---------- Task input ----------
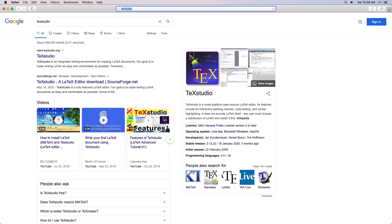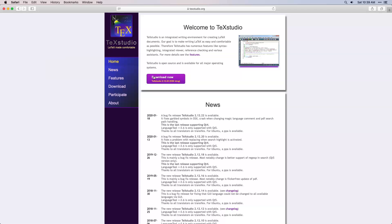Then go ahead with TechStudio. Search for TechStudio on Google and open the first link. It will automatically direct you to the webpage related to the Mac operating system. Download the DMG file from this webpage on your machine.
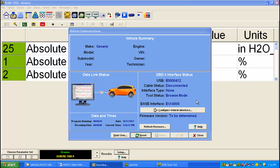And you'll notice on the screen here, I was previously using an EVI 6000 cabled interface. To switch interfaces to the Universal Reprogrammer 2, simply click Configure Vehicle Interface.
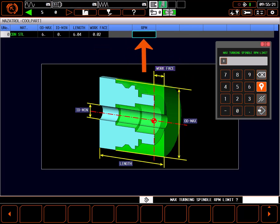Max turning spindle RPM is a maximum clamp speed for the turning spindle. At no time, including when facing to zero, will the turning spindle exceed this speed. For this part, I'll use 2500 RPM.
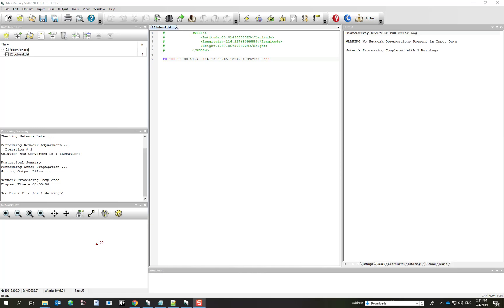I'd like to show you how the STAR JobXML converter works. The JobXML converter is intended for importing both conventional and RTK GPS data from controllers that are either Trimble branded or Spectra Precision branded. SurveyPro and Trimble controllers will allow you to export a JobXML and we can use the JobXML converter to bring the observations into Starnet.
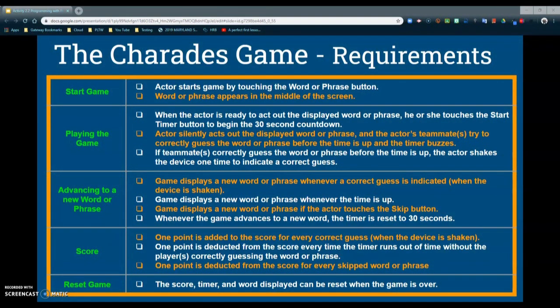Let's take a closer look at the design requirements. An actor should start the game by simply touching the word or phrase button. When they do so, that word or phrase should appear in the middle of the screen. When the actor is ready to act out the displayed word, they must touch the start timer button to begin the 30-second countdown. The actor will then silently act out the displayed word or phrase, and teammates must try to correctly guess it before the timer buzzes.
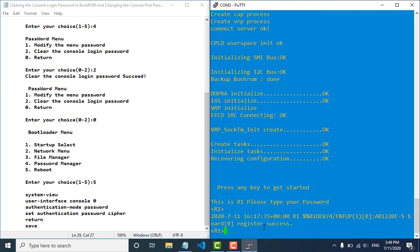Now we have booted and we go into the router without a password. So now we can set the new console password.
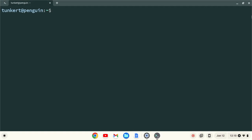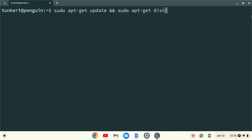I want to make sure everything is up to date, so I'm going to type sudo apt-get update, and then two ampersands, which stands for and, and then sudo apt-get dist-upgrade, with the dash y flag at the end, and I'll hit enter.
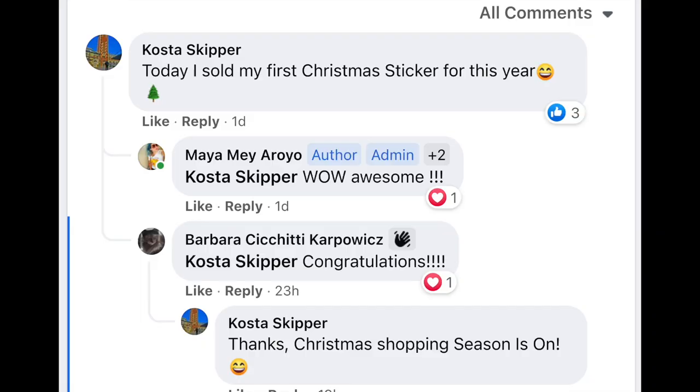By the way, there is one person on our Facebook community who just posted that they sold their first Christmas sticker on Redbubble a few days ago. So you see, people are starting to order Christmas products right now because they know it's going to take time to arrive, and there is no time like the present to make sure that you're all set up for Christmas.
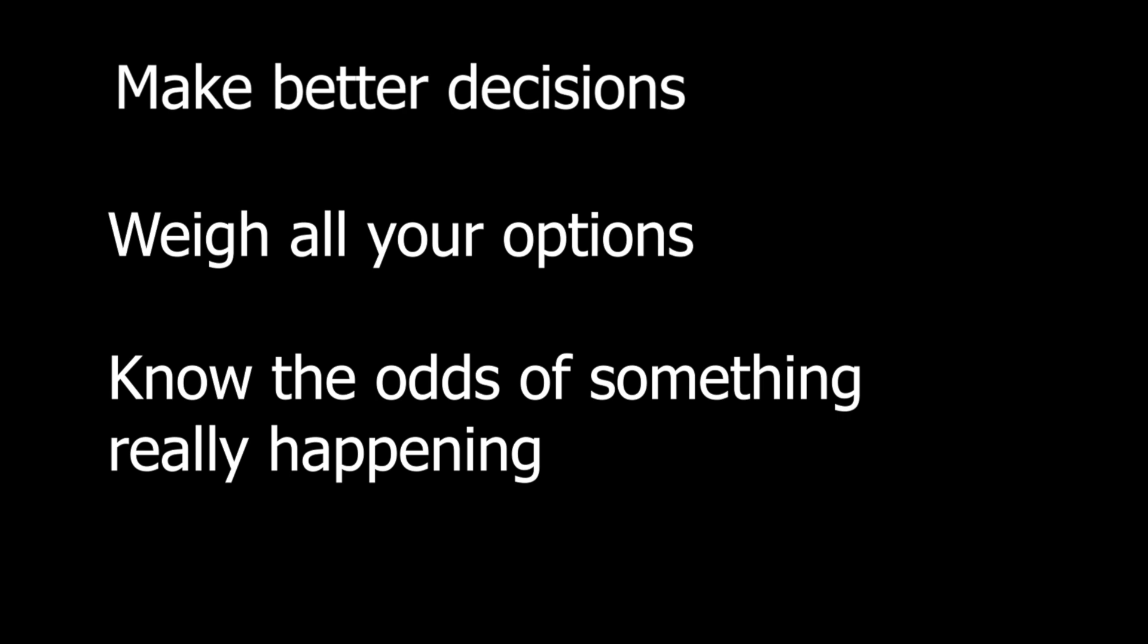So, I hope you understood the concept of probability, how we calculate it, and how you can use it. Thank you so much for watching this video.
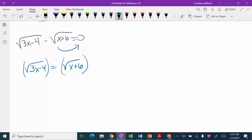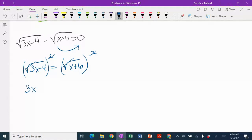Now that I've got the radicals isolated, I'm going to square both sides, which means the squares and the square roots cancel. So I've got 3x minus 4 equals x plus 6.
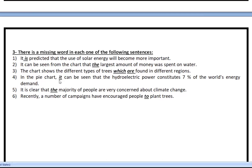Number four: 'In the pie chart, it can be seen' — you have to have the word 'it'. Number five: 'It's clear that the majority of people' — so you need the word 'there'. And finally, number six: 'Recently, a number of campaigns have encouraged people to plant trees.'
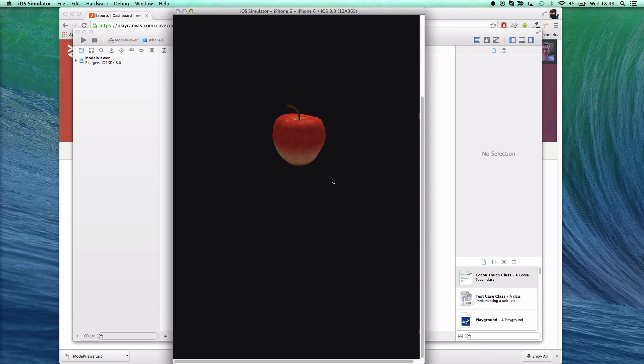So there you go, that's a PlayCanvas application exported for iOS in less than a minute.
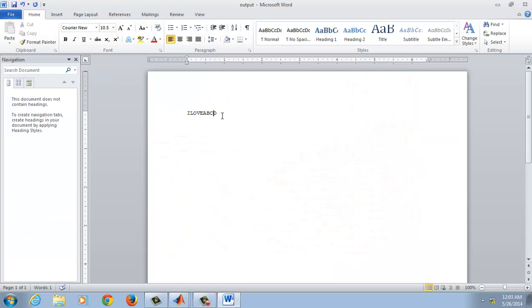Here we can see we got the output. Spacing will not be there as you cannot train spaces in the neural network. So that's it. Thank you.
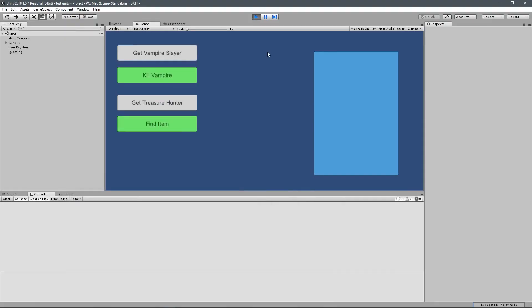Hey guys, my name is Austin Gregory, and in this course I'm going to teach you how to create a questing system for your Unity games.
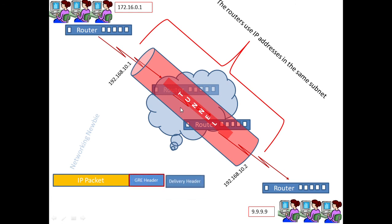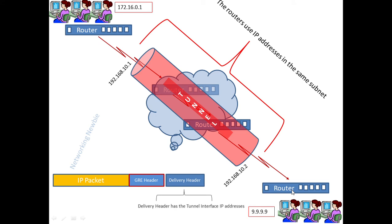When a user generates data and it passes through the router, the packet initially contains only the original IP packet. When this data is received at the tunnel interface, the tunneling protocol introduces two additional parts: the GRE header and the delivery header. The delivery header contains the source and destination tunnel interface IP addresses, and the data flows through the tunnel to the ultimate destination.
----------
**What you should do**
Write out exactly the lines from the one containing "So there you" through the last line of the records above, both ends included, and leave out any pictures.

**Exercise response**
So there you go, that's a PlayCanvas application exported for iOS in less than a minute.
Here we can see we got the output. Spacing will not be there as you cannot train spaces in the neural network. So that's it. Thank you.
Hey guys, my name is Austin Gregory, and in this course I'm going to teach you how to create a questing system for your Unity games.
When a user generates data and it passes through the router, the packet initially contains only the original IP packet. When this data is received at the tunnel interface, the tunneling protocol introduces two additional parts: the GRE header and the delivery header. The delivery header contains the source and destination tunnel interface IP addresses, and the data flows through the tunnel to the ultimate destination.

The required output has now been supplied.